I see the positive part as Strelets delivers action set.
The headgear bonnet is great especially for Peninsular as the troops were often in poor conditions so the shakos must have suffered as well.
For the bayonet I keep thinking they will be on it as my impression at looking at the masters is that all of the figures muskets have something weird at the end. This suggests to me that the bayonet were there and snapped for whatever reasons. So I would wait to the figures and see.
As many said these chaps will bring a great variety in my firing line mixing them with the other brands. The firefighting Albuera must have looked very much random and this is what this troops represent apart from the 1812 Belgic shakos.
Let's see.
Have a great day.
CPN

Re: Critique on sets

Mmm well im not a button counter thats for sure, in my oppinion they are a resemalance of the real thing, so close for me is good enough. But saying that silly school boy errors (like no bayonets, and forage caps in action are un acceptable) useless posses are also a big waste of space and only ever remain in the box or in the trash pile. I do how ever like the crisp detail on Stretlets modern sculpts, makes painting easier to define.
Yes as collectors,painters,diorama buulders etc we all call for different standards, as a manufacturer they have to try and split the difference between us all, hench close enough is good enough for me. Im my honnest oppinion stretlets are wasteing realy good sculpts for silly errors on this set, if its not corrected then itll be one box of these for me to be dissapointed with, or more if the corrections are made.
Stretlets add the bayonets lose the forage caps adjust some posses add a flintlock musket(not carbines) and this set will be the best ever!!
End of rant (again)
Keep up the great work

Re: Critique on sets

Good points there Phillip.
I too am not a "button counter" but do insist at least the basics are correct....only a single crossbelt for the cartridge pouch/bayonet on Nap French Fusiliers, epaulettes for French flank etc etc.
Buttons can just be a little touch of a paint brush if they are not quite correct...at 1/72 scale anyway.
As some of us have mentioned before, I think because we have seen so many wonderfully well sculpted and well represented sets by Strelets, when something like the latest Nap Brit set came along, it was a disappointment for some of us.
Mainly with the weaponry issues and the poses being not what some of us were expecting.

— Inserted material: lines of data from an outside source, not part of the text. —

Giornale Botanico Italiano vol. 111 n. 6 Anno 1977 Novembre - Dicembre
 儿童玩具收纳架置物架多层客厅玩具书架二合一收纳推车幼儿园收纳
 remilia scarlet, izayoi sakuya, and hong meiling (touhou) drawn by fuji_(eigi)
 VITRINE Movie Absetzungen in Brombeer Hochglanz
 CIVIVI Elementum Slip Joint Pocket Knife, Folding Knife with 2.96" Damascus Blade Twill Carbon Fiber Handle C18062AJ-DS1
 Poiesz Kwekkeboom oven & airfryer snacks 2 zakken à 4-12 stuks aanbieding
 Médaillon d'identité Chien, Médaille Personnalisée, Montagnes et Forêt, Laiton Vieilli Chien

The forage caps are indeed a constant pest in a few Nap Brit sets.
In the main though, Strelets do wonderful work.
I just hope they make sure that issues such as with the aforementioned set, are corrected and not just accepted in future. If there is something they are not sure about....simply post on here & ask!!! Or of course use google. Tap into a wealth of information out there.
If a sculptor goes off on a artistic tangent....stop them!!!
Figures can & have been done properly and correct, and yet still be little works of art!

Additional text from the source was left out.